-- DIRECTIONS FOR THIS TASK --
Task for the records below: repeat the line containing "303 Sugar Top" and every line after it, exactly and with nothing else, but leave out the pictures.
== DATA FOR THIS TASK ==
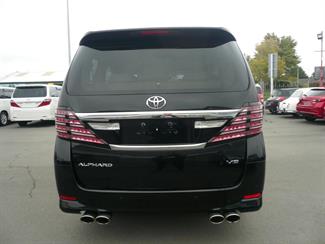 2013 Toyota Alphard - Thumbnail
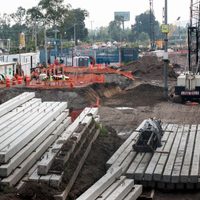 Opositores a distribuidor vial en Xochimilco advierten riesgos ecológicos por la obra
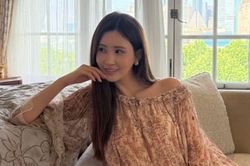Lee Da Hae chia sẻ niềm hạnh phúc khi mang thai ở tuổi 42
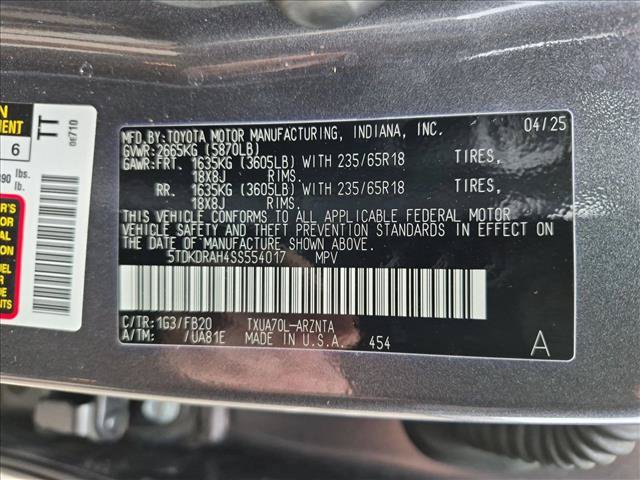 Used 2025 Toyota Highlander LE FWD image 25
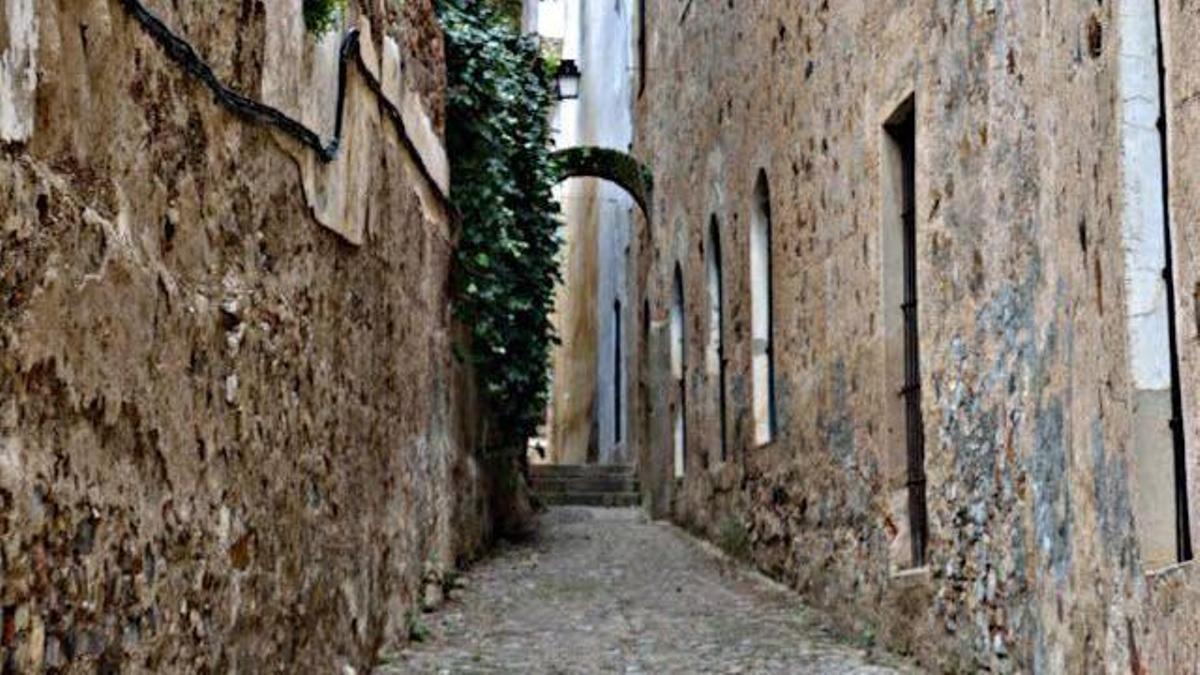 Conoce el callejón más fresco de Cáceres donde el pasado sigue incrustado en las paredes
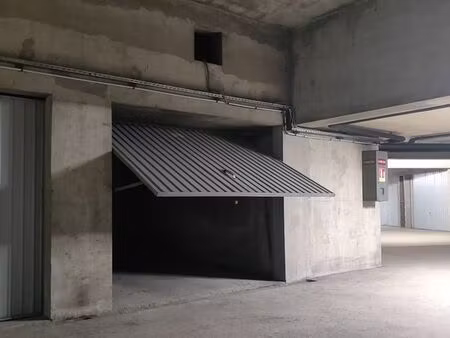 garage/box souterrain sécurisé à garibaldi (lyon 7e)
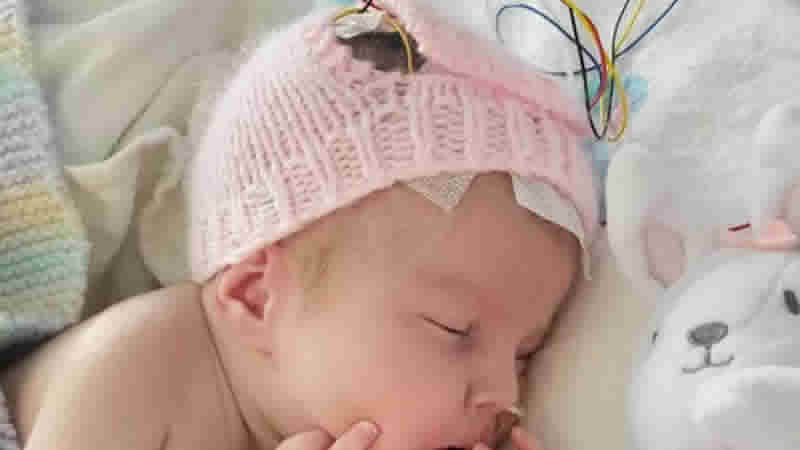 Mahkemenin ‘fişi çekilebilir’ dediği bebeğe İtalya vatandaşlık verdi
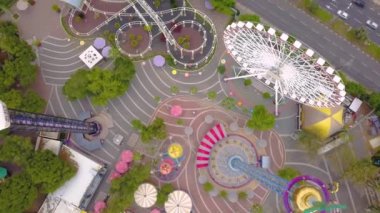 Tel Aviv 4k dron görüntüleri Luna Park yukarıda uçan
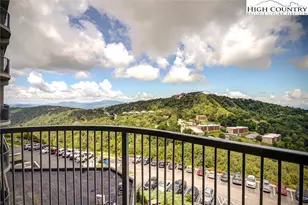 303 Sugar Top Dr, Sugar Mountain, NC 28604 - Photo 24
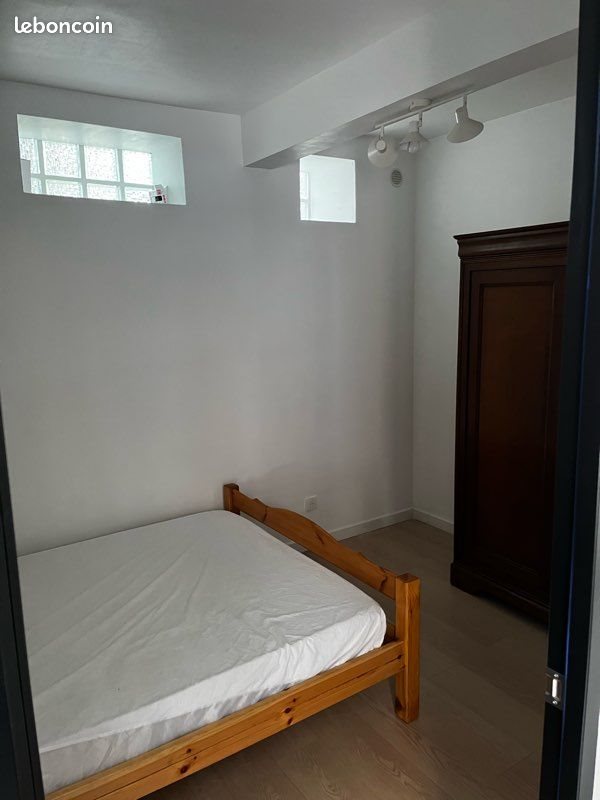 Appartement à louer, 29m², Saint-Cyr-l'Ecole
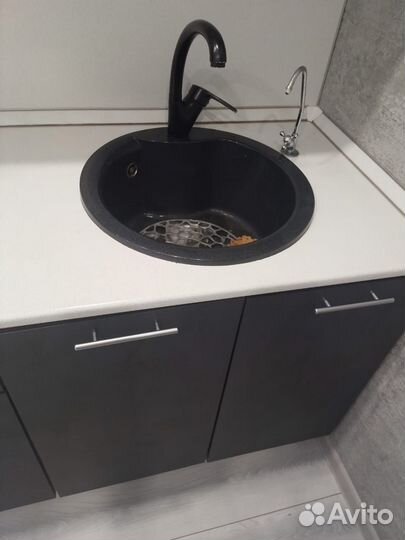 Продам кухонный гарнитур бу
===
-- RESPONSE AREA --
 303 Sugar Top Dr, Sugar Mountain, NC 28604 - Photo 24
 Appartement à louer, 29m², Saint-Cyr-l'Ecole
 Продам кухонный гарнитур бу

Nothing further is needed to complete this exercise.